*** Supplied information Section Begins ***

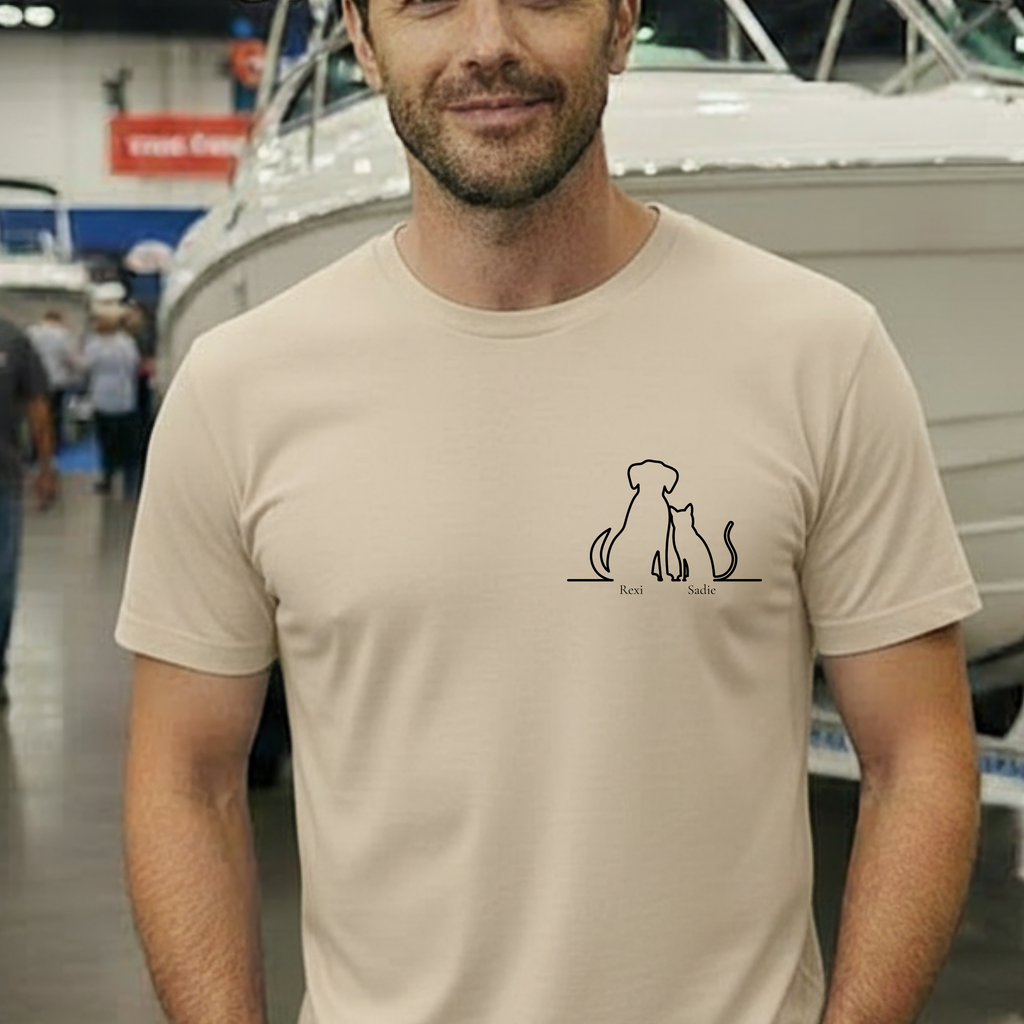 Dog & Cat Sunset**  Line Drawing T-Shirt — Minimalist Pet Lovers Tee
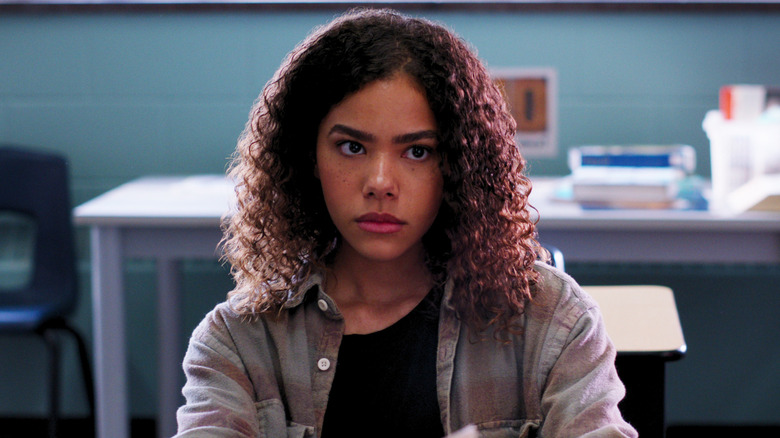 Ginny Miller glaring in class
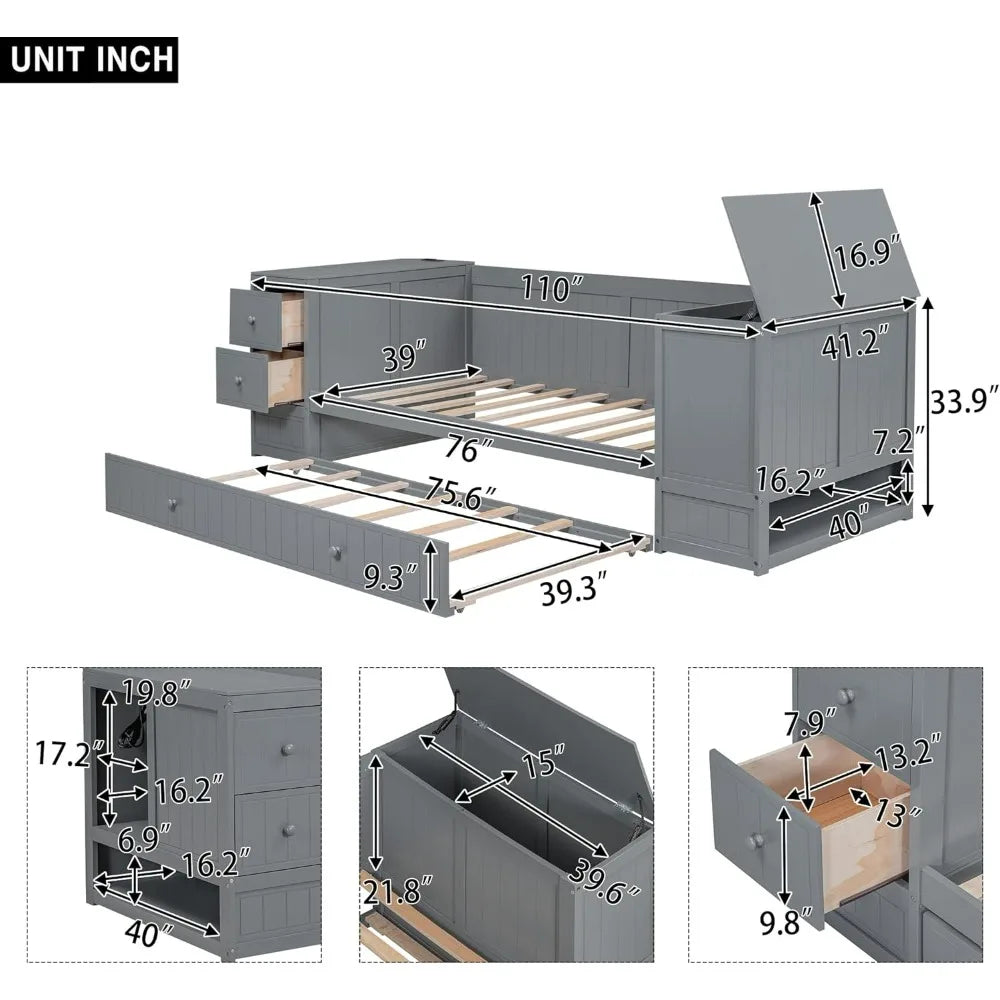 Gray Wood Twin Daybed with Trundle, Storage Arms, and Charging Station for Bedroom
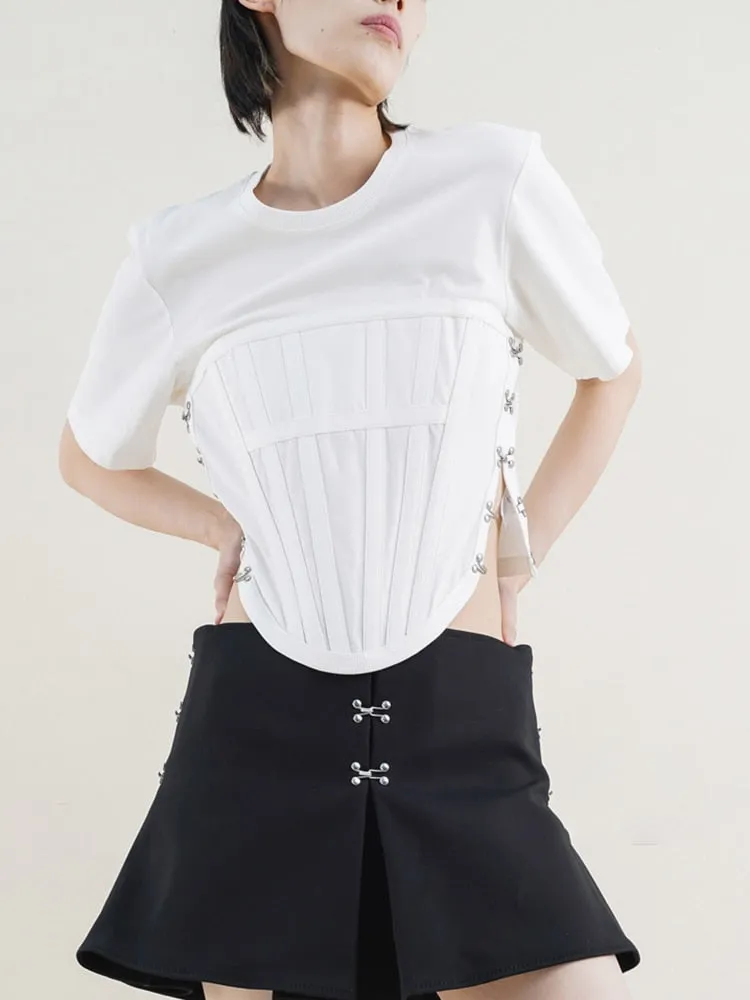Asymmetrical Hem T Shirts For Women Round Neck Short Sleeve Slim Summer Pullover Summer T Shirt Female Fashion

*** Supplied information Section Ends ***
*** Supplied information Section Begins ***

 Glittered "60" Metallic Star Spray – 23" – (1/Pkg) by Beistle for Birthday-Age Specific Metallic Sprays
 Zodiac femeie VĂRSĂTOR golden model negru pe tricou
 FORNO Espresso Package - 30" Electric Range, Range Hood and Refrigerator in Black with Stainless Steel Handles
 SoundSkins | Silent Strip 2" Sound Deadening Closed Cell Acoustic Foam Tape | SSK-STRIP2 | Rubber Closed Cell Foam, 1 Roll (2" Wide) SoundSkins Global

*** Supplied information Section Ends ***

In the data above, start at the line that has "Zodiac femeie VĂRSĂTOR", stop after the line that has "SoundSkins | Silent", and print every line in between exactly as it stands.

**Task solution**:
 Zodiac femeie VĂRSĂTOR golden model negru pe tricou
 FORNO Espresso Package - 30" Electric Range, Range Hood and Refrigerator in Black with Stainless Steel Handles
 SoundSkins | Silent Strip 2" Sound Deadening Closed Cell Acoustic Foam Tape | SSK-STRIP2 | Rubber Closed Cell Foam, 1 Roll (2" Wide) SoundSkins Global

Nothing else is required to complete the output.